It is a further object of the invention to provide a valve spring compressor tool that comprises two removably connected parts, whereby the exchange of one part renders the tool adaptable for use on a wide variety of automobiles.
Still another object of the invention is to provide a valve spring compressor tool that utilizes few moving parts and therefore is not susceptible to breakage from wear caused by repeated use.
It is an object of the invention to provide improved elements and arrangements thereof in an apparatus for the purposes described which is inexpensive, dependable and fully effective in accomplishing its intended purposes.
These and other objects of the present invention will become readily apparent upon further review of the following specification and drawings.
FIG. 1 is a environmental perspective view of the valve spring compression tool of the present invention as it is connected to the rocker arm stud for pivotal movement about the push rod to compress the valve spring.
FIG. 2 is an exploded view of the valve spring compression tool of the present invention.

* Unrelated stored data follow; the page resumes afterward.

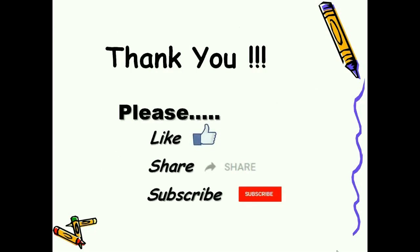I hope you understand this concept. I hope you like this video. So please like, share, and subscribe. Thank you.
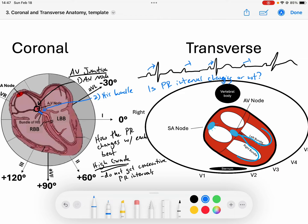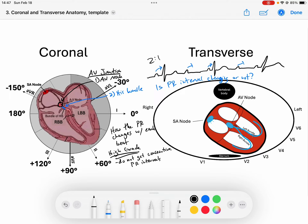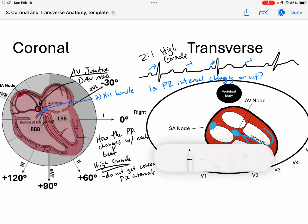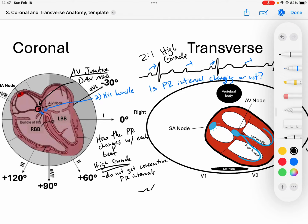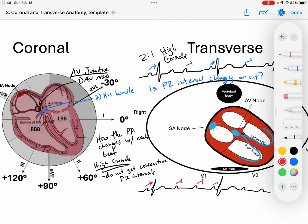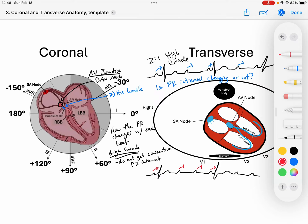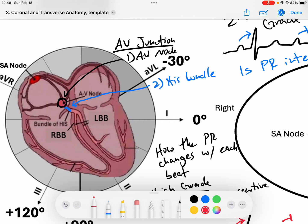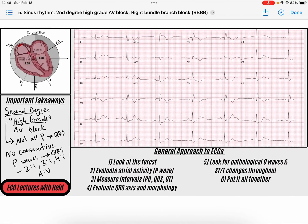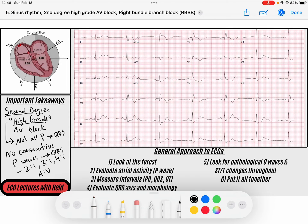That's an example of a 2 to 1 high grade block. A 3 to 1 would be: a P wave conducts to a QRS and T wave, then a P wave that doesn't conduct, then another P wave that doesn't conduct, then a P wave that conducts to a QRS. In these high grade blocks, we cannot determine if the disease is at the AV node itself or at the His bundle — it's impossible. So we must call them second degree high grade, not second degree type 2.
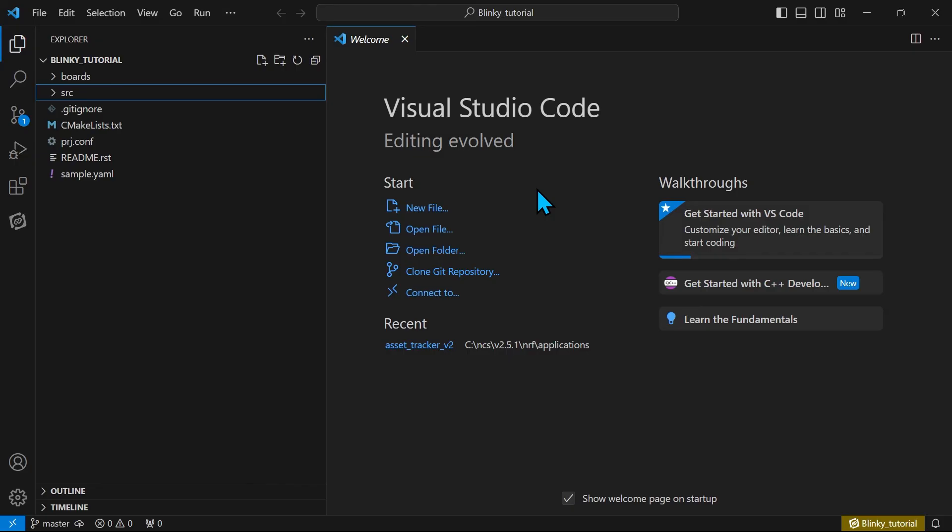We have now created a new application in NRF Connect for Visual Studio Code. In the next video we will look at how to build an application. Happy coding!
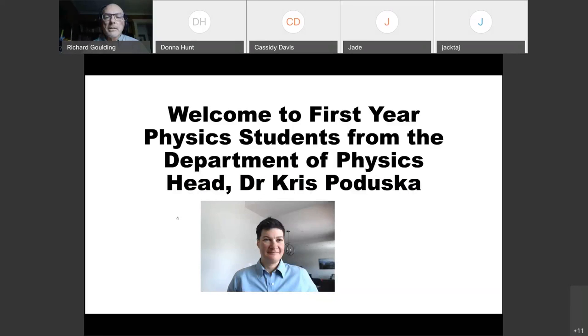I'll start with just a little presentation, just a little intro. Welcome from our head, Dr. Chris Paduska.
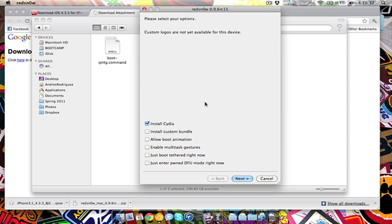Boot tethered right now is probably nothing you want to do because then if you turn off your phone, your jailbreak will go away, which is a hassle. Unless you don't really care or never turn off your phone, but at one time you will have to turn it off, say goodbye to your jailbreak.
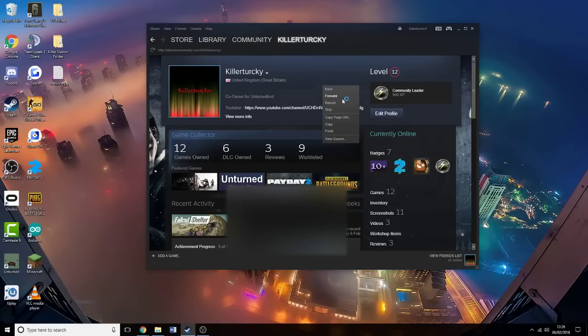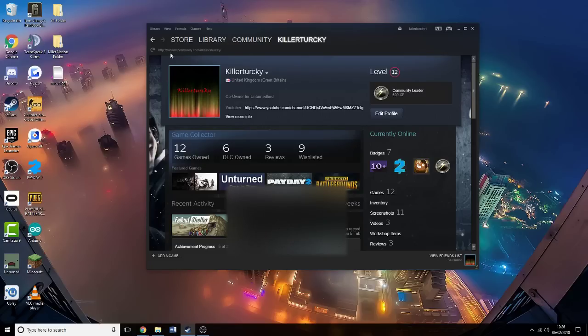You right click your mouse button and go copy page URL. You copy it, very simple. Or if you want to be smart, you can take the information here.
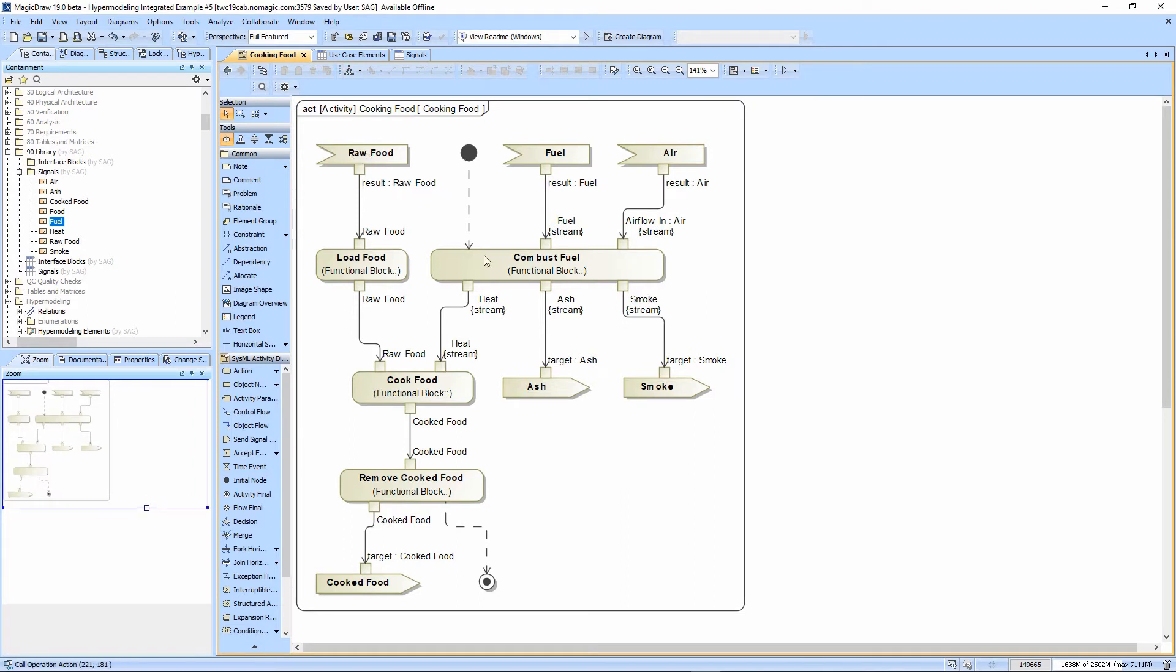And so now we have a nice well-formed activity diagram. We show the food coming in. We're combusting, cooking, removing the cooked food, and we're complete.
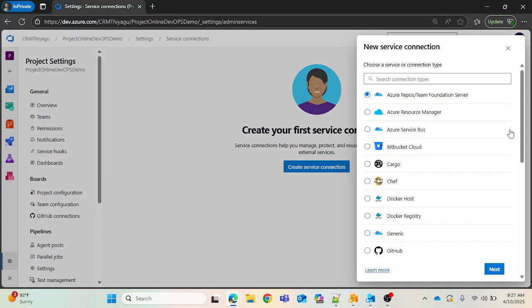Using service connections, you can easily authenticate and connect to external services. In detail, a service connection is a configuration that allows Azure DevOps pipelines to authenticate and interact with external services securely. It is mainly used in CI/CD pipelines to deploy code, run scripts, or interact with any APIs or infrastructure.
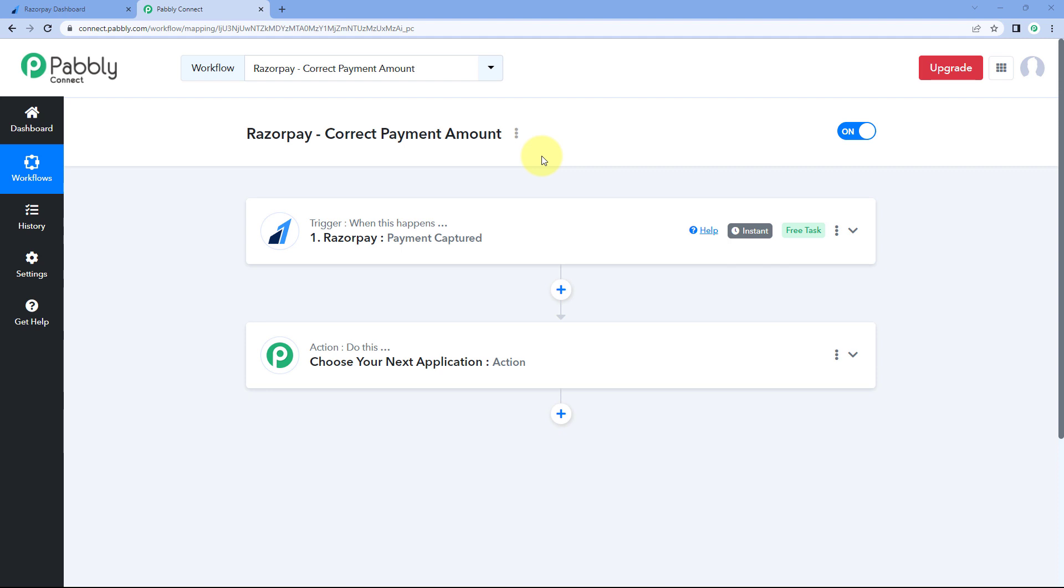Hello and welcome to Pabbly. So today in this video, we are going to learn how you can get the correct amount of payment when you capture a new payment response from Razorpay.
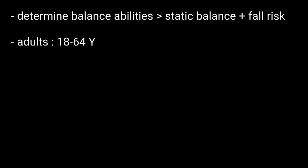Berg Balance Scale, or simply called BBS, is a widely used assessment to determine a person's balance abilities, specifically static balance and fall risk in adults around 18 to 64 years. It takes approximately 20 minutes to complete.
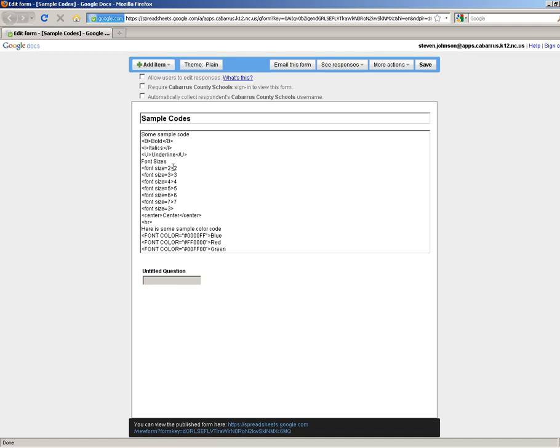The code to do that is this right here. It starts the code, font size equals two. That's pretty small. And it goes up to seven. I'll show you that example here. You'll see what that looks like here in a minute.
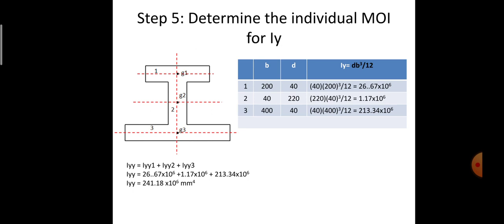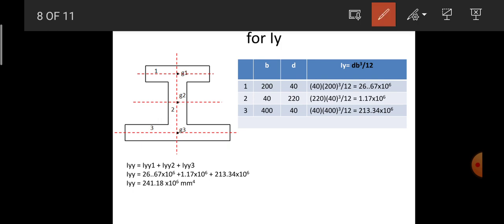Next we determine the moment of inertia Iy for each rectangle individually, then collectively for the I-section as a whole. For Iy the formula is Db³/12, the reverse of the Ix formula. B is always the horizontal dimension and D the vertical dimension. Substituting for the respective rectangles: Iy1 = 26.67 × 10⁶, Iy2 = 1.17 × 10⁶, and Iy3 = 13.34 × 10⁶ mm⁴.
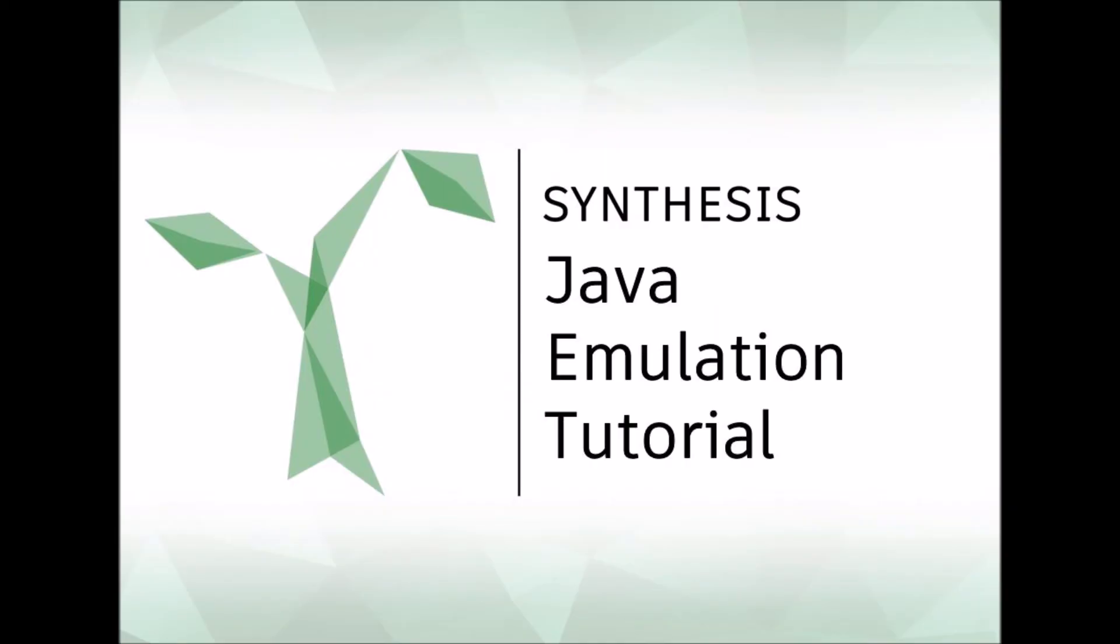Thank you for watching this synthesis tutorial. Be sure to check out our other video tutorials. If you're interested in contributing to synthesis, make sure to check out our github page as well.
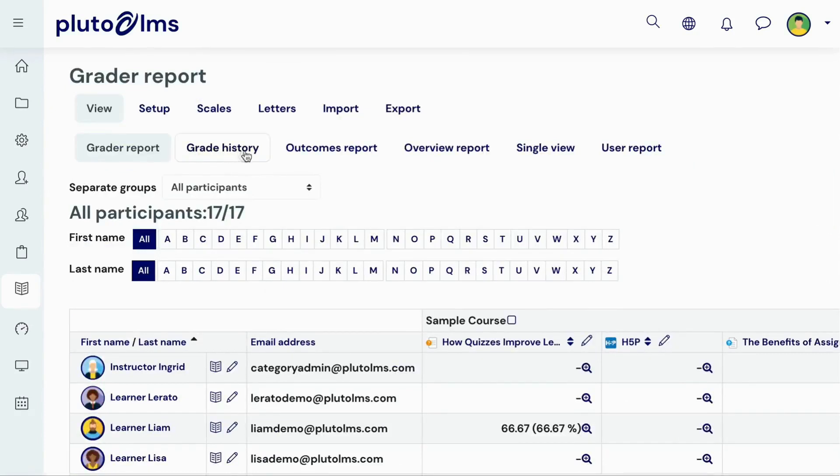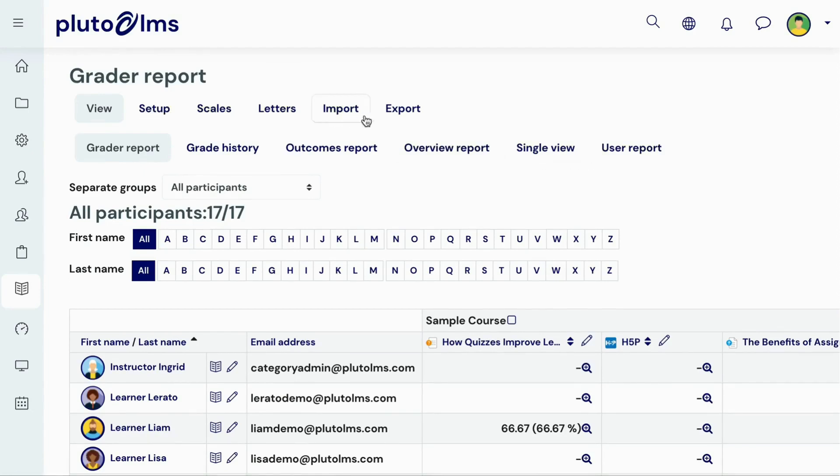According to your requirements, there are different grade report types available. Administrators can update settings to determine how these will appear, and grades can also be imported or exported and shared with relevant stakeholders.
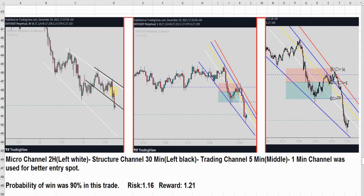Hi everyone. I'd like to show you more examples of application of the PAT system on e-currencies. Here you see eight examples of trades taken by one of our graduated students between December till March 2022.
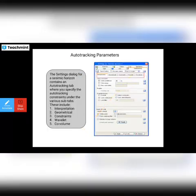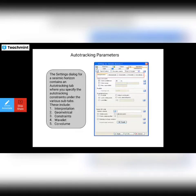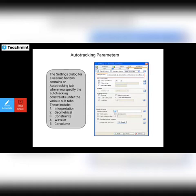Next are the auto tracking parameters. You can see the panel dialogue for the seismic horizon, which contains the auto tracking tab where you can specify the auto tracking constraints under various sub-tabs. These are shown in red: interpretation, geometrical constraints, wavelengths, and co-variance. This is your auto tracking parameters.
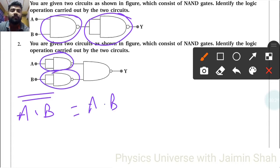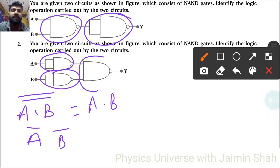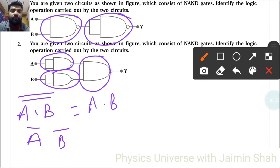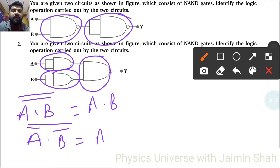For the second circuit, both inputs pass through NOT gates giving A-bar and B-bar. These are then fed into a NAND gate, so the output is (A-bar · B-bar)-bar, which equals A+B — meaning this circuit behaves like an OR gate.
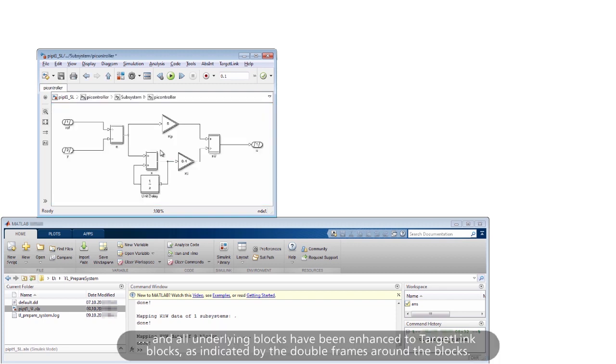All underlying blocks have been enhanced to TargetLink blocks, as indicated by the double frames around the blocks.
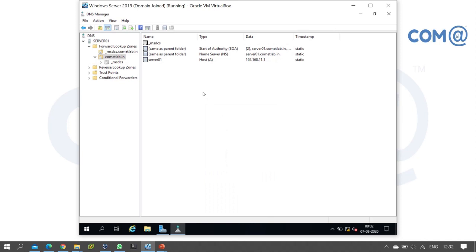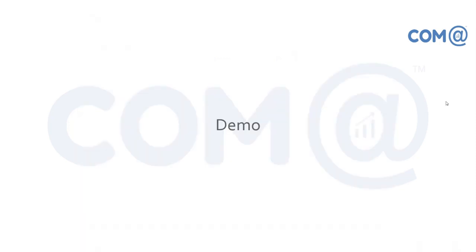When the zone is created, we can create the records manually. For DNS, configure the records manually — add them manually if they are not created automatically. If automatic creation does not happen, manually add the records. That's it for this video — until then, bye bye.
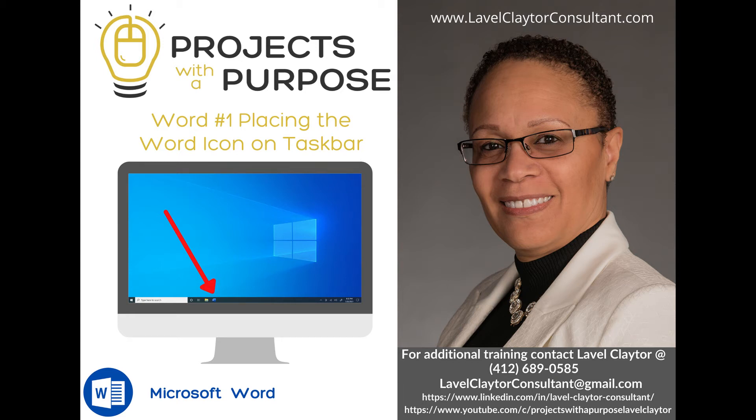Welcome to Lavelle Claytor's Projects with a Purpose. We are on Word 1, placing the word icon on the taskbar.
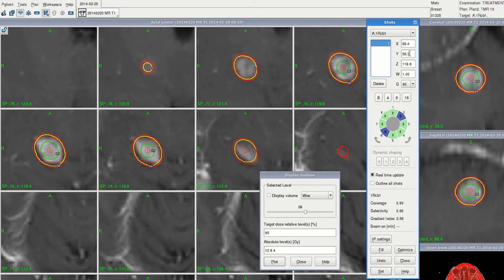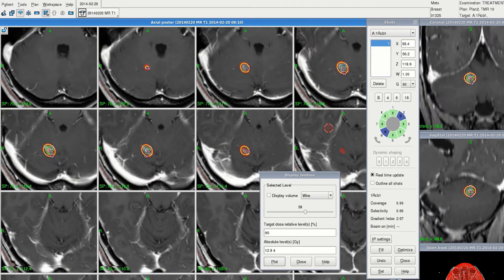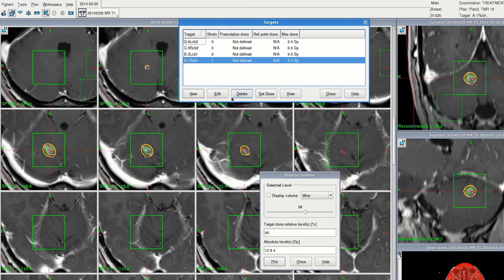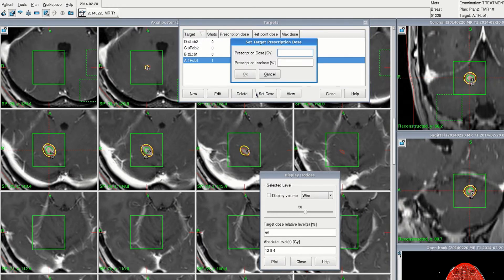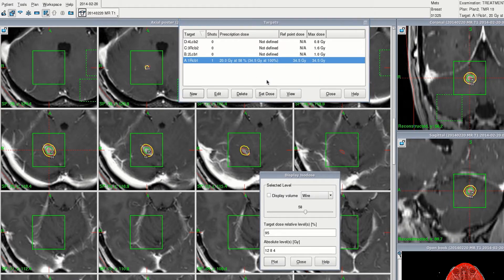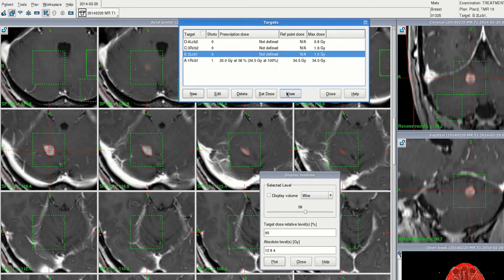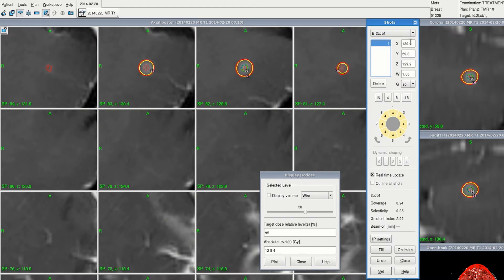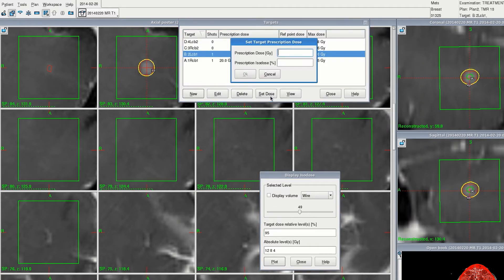So here's a reasonable dose distribution for the first lesion to the 58 percent isodose. So let's plan 20 gray to the 58 percent isodose. For the second lesion, 49 percent is a good fit, so let's plan 20 gray to the 49 percent isodose.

FIG. 3 is an elevational cross sectional view of the valve spring compression tool shown pivoting about the push rod to compress the spring as the crank down nut rotatably descends the threaded rocker arm stud.
Similar reference characters denote corresponding features consistently throughout the attached drawings.
Referring to the figures by numerals of reference, and first to FIG. 1, 10 denotes generally a valve spring compressor tool for compressing a valve spring surrounding of a valve assembly for an overhead valve engine and thereby facilitating removal of the valve spring from the valve assembly. FIG. 1 is an environmental perspective view of the valve spring compressor tool 10 in use with a ratcheted socket wrench 14 for removal of the valve spring from a valve assembly in an overhead valve engine 12. It should be noted that any type of socket wrench (i.e., a manual socket wrench or an air wrench) may be used in connection with the valve spring compressor tool. The overhead valve engine 12 comprises a cylinder head 16 having a number of valve assemblies 17 located in line, where each valve assembly is actuated through cam shafts (not shown) which act upon a push rod 26 to effect a rocker arm 24 pivotally mounted upon a rocker arm stud 28. Cyclical rotation of the cam shafts yields reciprocation of the rocker arm 24 to provide the timed compression and decompression of the valve assemblies for the opening and closing of the valves. Each valve assembly comprises a valve V (shown in FIG. 3) having a valve stem 18 with a valve spring 20 encompassing the stem. To maintain the spring about the valve stem, each valve assembly is provided with a washer or retainer cap 21 in which a retainer or "keeper" 22 is mounted upon the valve stem. The valve spring 20 urges the valve into a normally closed position which is illustrated in FIG. 3. Such cylinder heads are of conventional design and therefore need not be discussed in any greater detail.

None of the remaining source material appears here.